Romy atmete tief durch und öffnete ihre Augen wieder. Eine einzelne Träne suchte sich ihren Weg über ihre Wange und sie spürte wie sich ein dicker Kloss in ihrem Hals bildete. Obwohl die furchtbaren Ereignisse jetzt schon gut fünf Monate zurücklagen, so waren sie doch noch immer so unglaublich real und sie hatte das Gefühl wieder an dieser abgelegenen Stelle des Thunersees zu stehen. Ganz alleine in ihrer unglaublichen Panik.

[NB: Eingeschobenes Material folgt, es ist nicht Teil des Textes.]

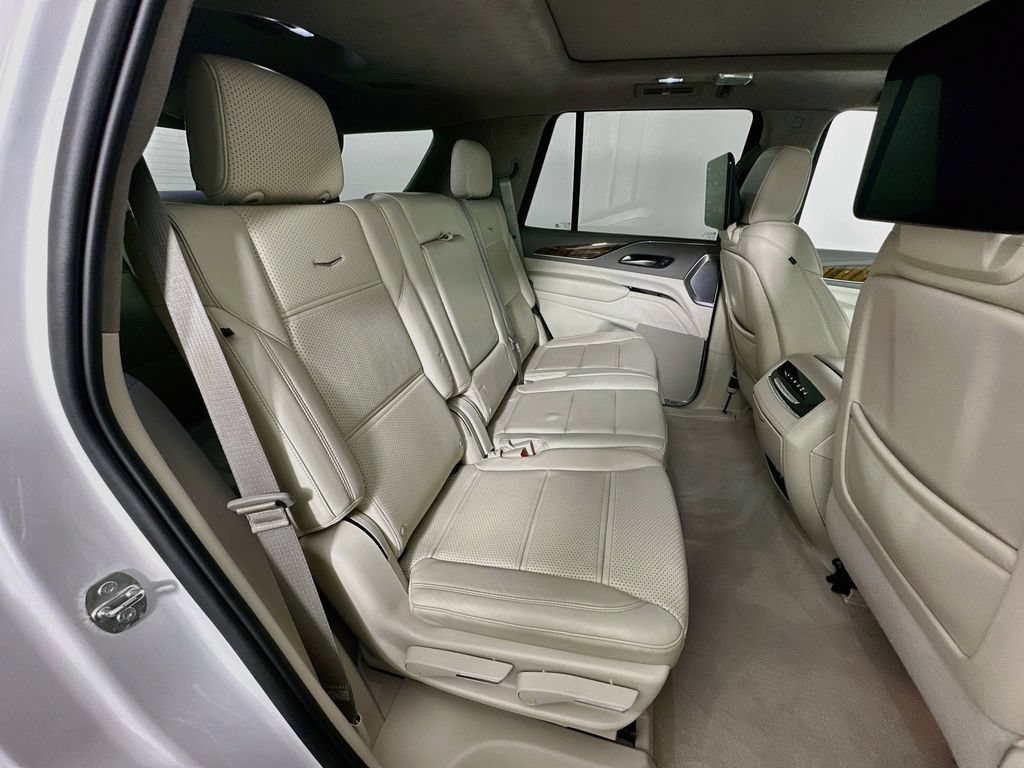 Used 2023 Cadillac Escalade Premium Luxury Platinum RWD image 30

Die ersten paar Tage danach waren die reinste Hölle gewesen.
Sie hatte kein Wort gesprochen.
Sie hatte nichts gegessen.
Und sie hatte auch keine Sekunde schlafen können.
Es war fast so gewesen, als ob sie überhaupt gar nicht mehr existiert hätte.

Natürlich hatte Willemijn es sich nicht nehmen lassen, und war noch in der Nacht zusammen mit Bart, der seine Frau in ihrem Zustand auf keinen Fall alleine ans Steuer gelassen hatte, von Holland in die Schweiz gefahren. Obwohl sich die Musicaldarstellerin eigentlich von ihrer schweren Rücken-OP hätte schonen sollen, war es für sie nicht in Frage gekommen, ihre Tochter in dieser schweren Zeit einfach alleine zulassen.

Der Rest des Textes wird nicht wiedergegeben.